Le “double blanc” des Beatles est-il l’album de l’année 1998 ? Et 2028 ? Et 2058 ? Et 2088 ?Cette année, j’ai eu 30 ans. C’était le 22 novembre. Le même jour, on a soufflé les trente bougies de The Beatles, que je considère aujourd’hui comme un frère, un jumeau enlevé à la naissance par […]
Le « double blanc » des Beatles est-il l’album de l’année 1998 ? Et 2028 ? Et 2058 ? Et 2088 ?
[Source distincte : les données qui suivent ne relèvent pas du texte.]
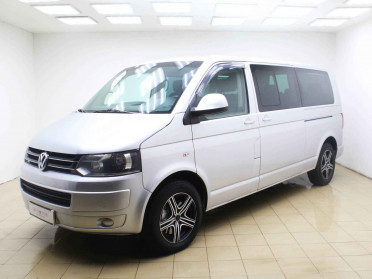 Volkswagen Multivan, T5 Рестайлинг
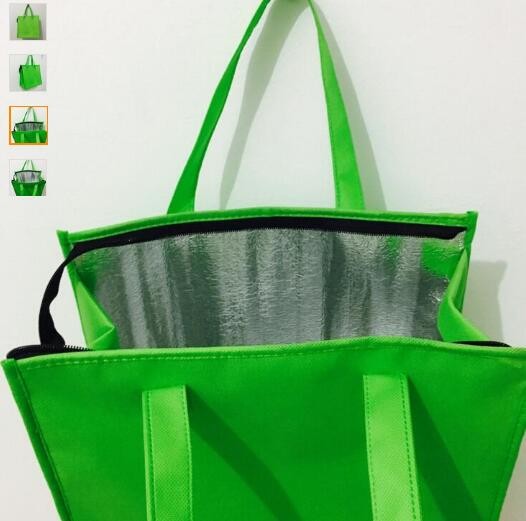 disposable insulated lunch bags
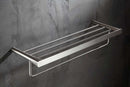 Anzzi Caster 3 Series Towel Rack in Brushed Nickel AC-AZ058BN 4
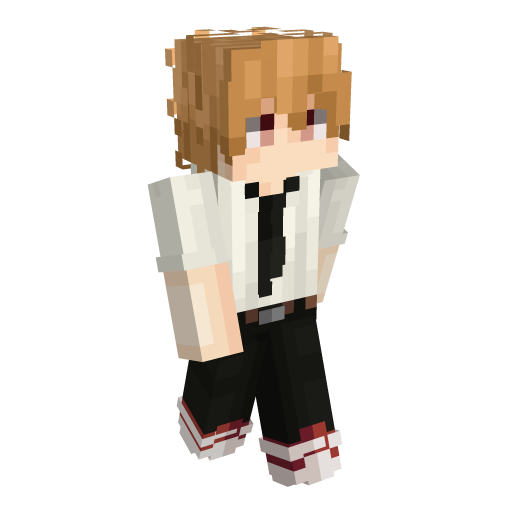 Boy Minecraft Skin - Laby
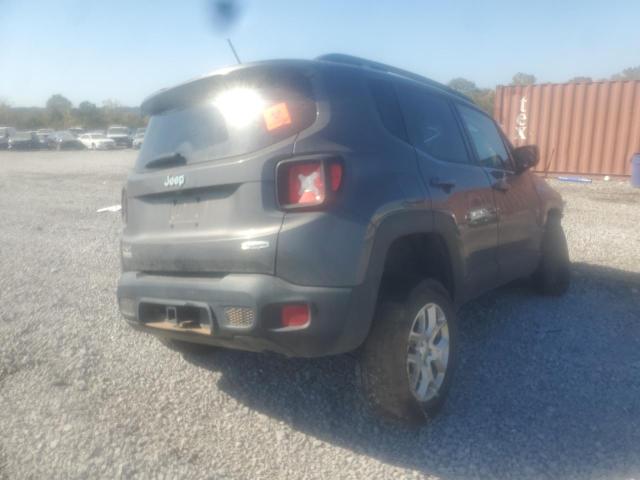 Photo 3 VIN: ZACCJBBT9GPE20857 - JEEP RENEGADE L 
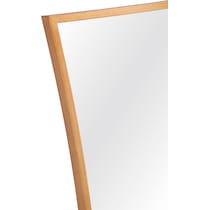 sparrow silver mirror   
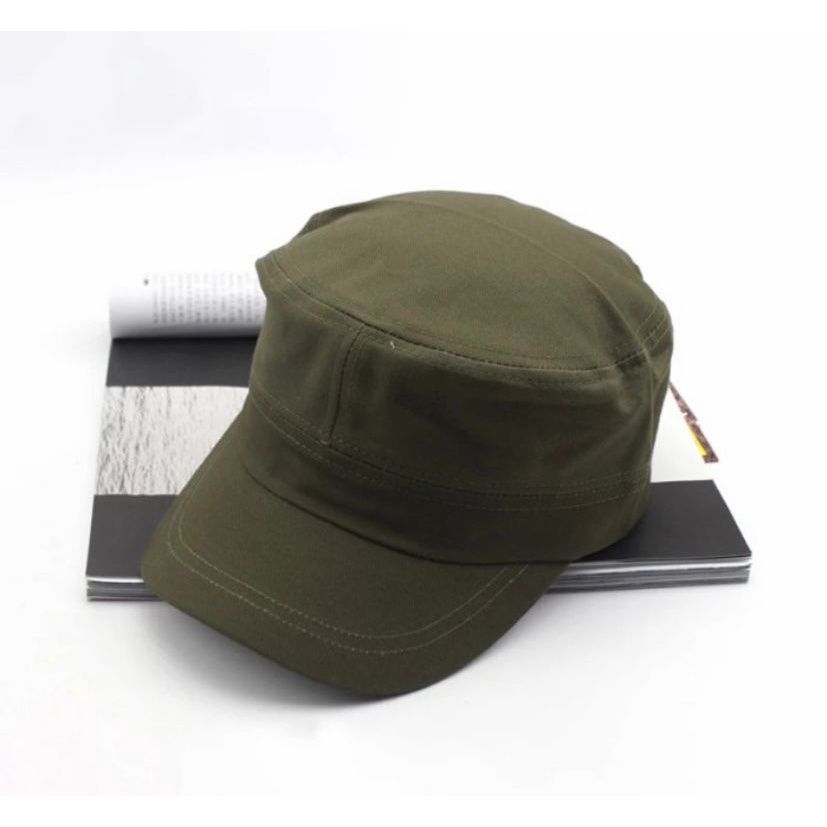 Topi komando topi militer topi army topi baseball topi pria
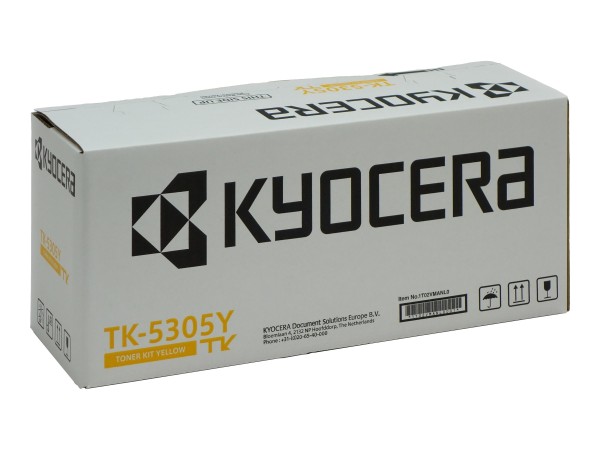 KYOCERA KYOCERA TK 5305Y Gelb Tonerpatrone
Cette année, j’ai eu 30 ans. C’était le 22 novembre. Le même jour, on a soufflé les trente bougies de The Beatles, que je considère aujourd’hui comme un frère, un jumeau enlevé à la naissance par les comprachicos hypothèse hugolienne et retrouvé quelques années plus tard sur la platine d’un ami (j’ai un peu honte, je n’ai découvert les Beatles qu’à l’âge de 22 ans).
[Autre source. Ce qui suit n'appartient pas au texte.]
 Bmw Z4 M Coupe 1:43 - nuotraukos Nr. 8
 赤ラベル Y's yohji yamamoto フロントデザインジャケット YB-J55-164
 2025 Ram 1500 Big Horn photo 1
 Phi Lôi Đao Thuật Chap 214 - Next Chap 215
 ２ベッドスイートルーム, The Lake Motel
The Beatles, pour détourner la citation d’André Malraux, c’est ce qui reste quand on a tout oublié. En matière de pop, avec l’habitude, il devient difficile de s’enthousiasmer pour toute nouvelle création. Difficile de taper du pied en écoutant Garbage, abusif de crier au génie en allant voir Hole et impossible de ne pas distinguer le pillage en règle de trente ans de patrimoine rock (Lennon, Bowie, Kinks, etc.) laborieusement camouflé derrière des PME du type Oasis, Suede ou Blur. On voudrait bien s’abreuver de sang neuf, mais force est de constater qu’à quelques rares exceptions il faut se contenter au mieux d’émulation inspirée et au pire de plagiat cynique, avec dans les deux cas un pari misant sur l’amnésie présumée de l’auditeur.
Ce qui m’amène à parler du « double blanc ». En trente chansons, les quatre de Liverpool ont élevé la pop, non pas au rang de musique classique comme l’a affirmé cet abruti de Poivre d’Arvor, mais à celui de champ expérimental, de terrain de jeux (miné) où tout était permis. Tour à tour dorlotées (Good night, Martha my dear), passées à tabac (Helter skelter, Yer blues), traînées à la garderie (Bungalow bill, Piggies) ou dans la gadoue (Sexy Sadie, I’m so tired), plongées le nez dans les drogues (Happiness is a warm gun, Wild honey pie) ou tout simplement mises à nu (Julia, I will), les mélodies subissent un traitement de choc. Avec The Beatles, le groupe se met plus d’une fois en danger : il fallait un certain courage pour démolir cette image de boys’ band avant la lettre imaginée par Brian Epstein, parler sans détour du problème d’héroïne de Lennon (Happiness…, Me and my monkey), dédier un titre au chien de McCartney (Martha my dear), graver dix minutes de vide intégral (Revolution 9), ou laisser chanter Ringo Starr (Don’t pass me by).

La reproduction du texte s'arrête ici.